This is a tough letter to write. For 15 years, you and I shared our lives. Now I'm heading out the door.
Could you have done something different? Should we have gone to counselling? In all honesty, I don't think so. We can still be friends, but I'm no longer dazzled by your "greatest investor in history" aura.
Please, please don't be upset. I'll still read your annual reports and chuckle at your corny jokes, and I'll think back to our good times together.
I first invested in Berkshire Hathaway during the mad, bad dot-com days of 1999. I was just a novice investor; you were the Oracle of Omaha, a market genius who had, time and time again, proven to be the smartest guy in any room.
Not that people gave you a lot of credit back then. The Wall Street wise guys sneered at you for not jumping into Global Crossing, Pets.com or other brain rot of the era.
How you proved them wrong! And how you made me money! As tech turned to wreck, Berkshire shone brighter than ever. My shares are now worth nearly three times what I paid.
So why have I just sold them? As with the breakdown of any relationship, the answer is somewhat complicated.

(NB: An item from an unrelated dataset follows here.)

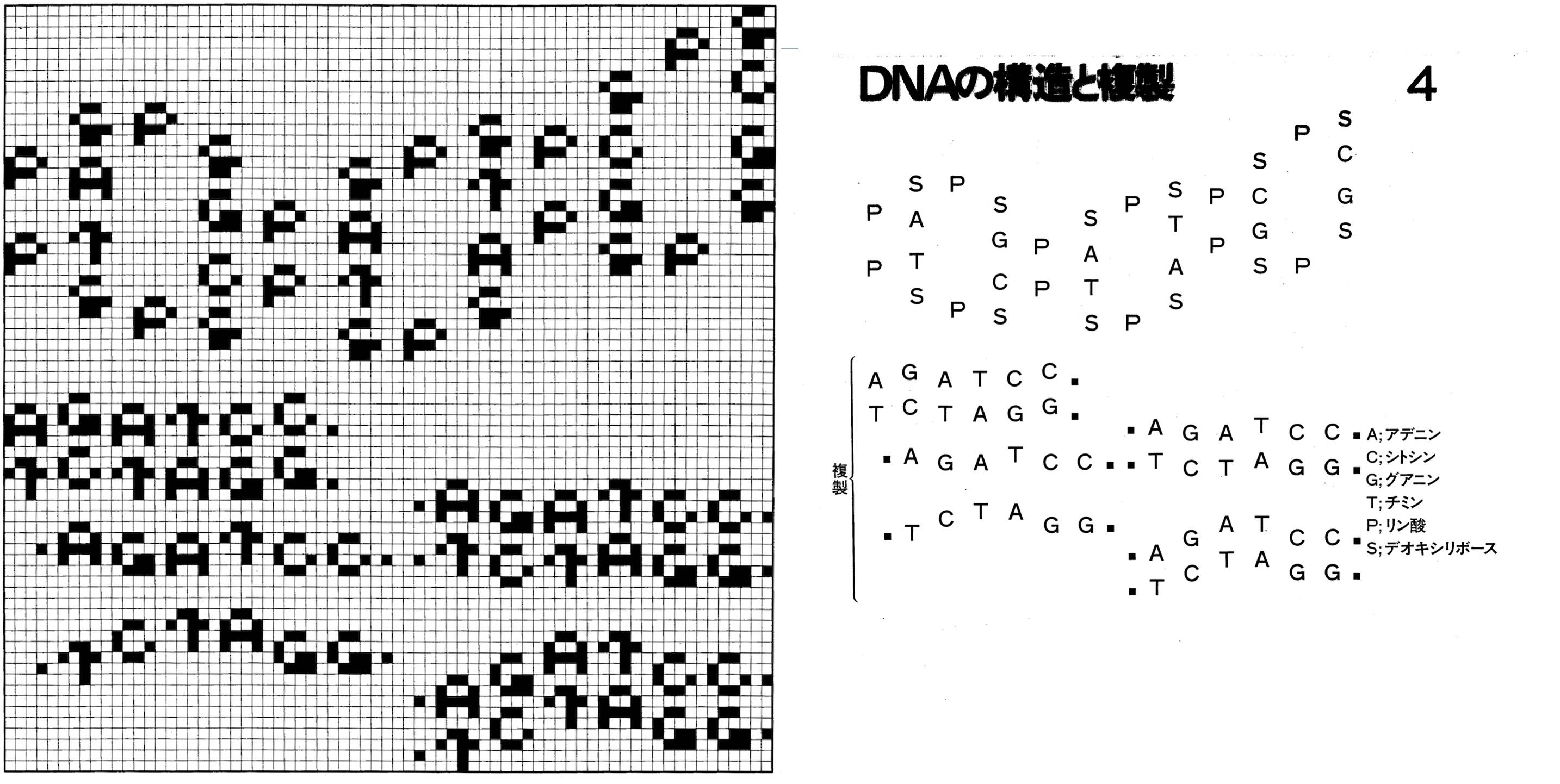 CC83 画像4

Part of it, quite frankly, is that you've grown old. As much as I love you, you're 83. Barring a breakthrough in cloning, you're unlikely to be at the helm of Berkshire much longer.
But it's not just your age. Put it this way: We've grown apart. More precisely, you've grown apart. When I bought Berkshire shares, it was still a middleweight, with a stock market capitalization of $85 billion (U.S.) and annual revenue of about $24 billion. Nowadays, it ticks in at a mammoth market cap of more than $300 billion and has a revenue of $182 billion.
The weight gain puts me off. Sure, I know— it's all muscle. But the simple fact is that it's a lot easier for a smaller company to beat the market than it is for a giant conglomerate. When you're the fifth-biggest U.S. public company by revenue, there aren't many potential acquisitions that can make a meaningful difference to your bottom line.
Size has other disadvantages as well. When I first bought Berkshire shares, I could get a reasonable overview of the company's operations from your annual reports. But your enterprise has sprawled in so many directions, I no longer understand you. The Warren I knew was a stock picker and insurer; the Buffett you've become is a railroader, an energy provider and a guy who doesn't mind making long-term derivative bets on market indexes.
Maybe all of this will work out, but one thing's for sure: You're no longer the nimble dancer I once knew. In earlier decades, you could waltz past the S&P 500 while chugging your favourite Cherry Cokes and gobbling See's Candies. Over the past 10 years, though, you've earned returns that look too much like those of a typical index fund.
Even you now seem to doubt that Berkshire can keep beating the market. In your most recent annual report, you revealed that 90% of the money that will be left to your widow will be invested in an S&P 500 index fund.
As usual, you're being realistic. I'll always treasure that about you. But it's time to go.